Microsoft’s Internet Explorer (IE) 6 and 7 suffer from a security flaw in the browser’s AutoComplete feature that could lead to information disclosure, Jeremiah Grossman, founder and chief technology officer of web application security firm WhiteHat Security, said Thursday at the Black Hat conference in Las Vegas.
The issue is similar to a flaw affecting Apple’s Safari browser that was patched on Wednesday. By abusing the HTML form AutoComplete functionality in IE 6 or 7, a malicious website may surreptitiously obtain a user’s name, web aliases, addresses, telephone numbers, credit card numbers, place of work, job title, search terms, secret questions and answers, Grossman said.
IE versions 8 and 9, which is due out in September, are not affected.

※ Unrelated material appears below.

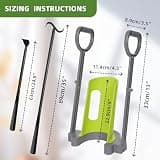 Compression Sock Aid Helper Device with Replaceable Auxiliary Dressing Stick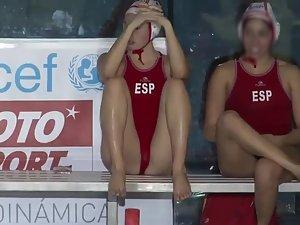 Sexy water polo girls during the match Picture 7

Also, the AutoComplete form feature is not enabled by default in IE 6 and 7, so a user would have to manually turn on it on by clicking “yes” when the browser prompts them to do so during the attacks.
“Microsoft has been investigating the issue described in Jeremiah Grossman’s talk at Black hat on Thursday,” Jerry Bryant, group manager of response communications at Microsoft said in a statement. “In addition, Microsoft was pleased that Grossman noted that Internet Explorer 8, the latest version of our browser, is not vulnerable to this issue.”

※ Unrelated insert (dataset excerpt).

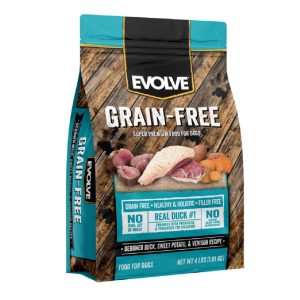 EVOLVE DOG GRAIN FREE DUCK - PATO (3.75 lb)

Meanwhile, users who have applied Apple’s patch for Safari 4 and 5 to fix that browser’s auto-fill issue still could be at risk, Grossman said.
“All the bad guy would have to do is mass distribute their auto-complete code, like on an advertising network or a series of malware-infected pages, obtain their victims’ personal information (name, email, address, etc.) and cookie them with an ID (i.e. domain = http://whoisthisperson/%29,” Grossman wrote in a blog post Thursday. “When the person returns, even in a patched or feature disabled state, their browser (or the cookies within) would silently give up their identity.”

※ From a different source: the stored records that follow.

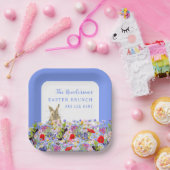 Osterbrunch und Eierjagd Bunny Spring Floral Pappteller (Party)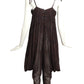 ADINI-1970s Printed Rayon Harem Jumpsuit, Size 8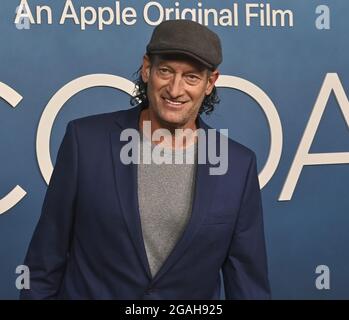 West Hollywood, USA. 31st July, 2021. Cast member Troy Kotsur attends the Sundance Film Festival Award Winner CODA photo-call at the London Hotel in West Hollywood, California, on Friday, July 30, 2021. Storyline: As a CODA (Child of Deaf Adults) Ruby is the only hearing person in her deaf family. When the family's fishing business is threatened, Ruby finds herself torn between pursuing her love of music and her fear of abandoning her parents. Photo by Jim Ruymen/UPI Credit: UPI/Alamy Live News Stock Photo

Unless users of the affected browsers “go out of their way” to delete their cookies, they could be susceptible to attacks that take advantage of the feature, Grossman said. However, there currently is no evidence that attackers have launched any real-world exploits.
To mitigate the risks of this threat, users should upgrade to IE 8, Google’s Chrome or Mozilla’s Firefox, Grossman said. IE users who cannot upgrade to version 8 should disable the AutoComplete feature in forms.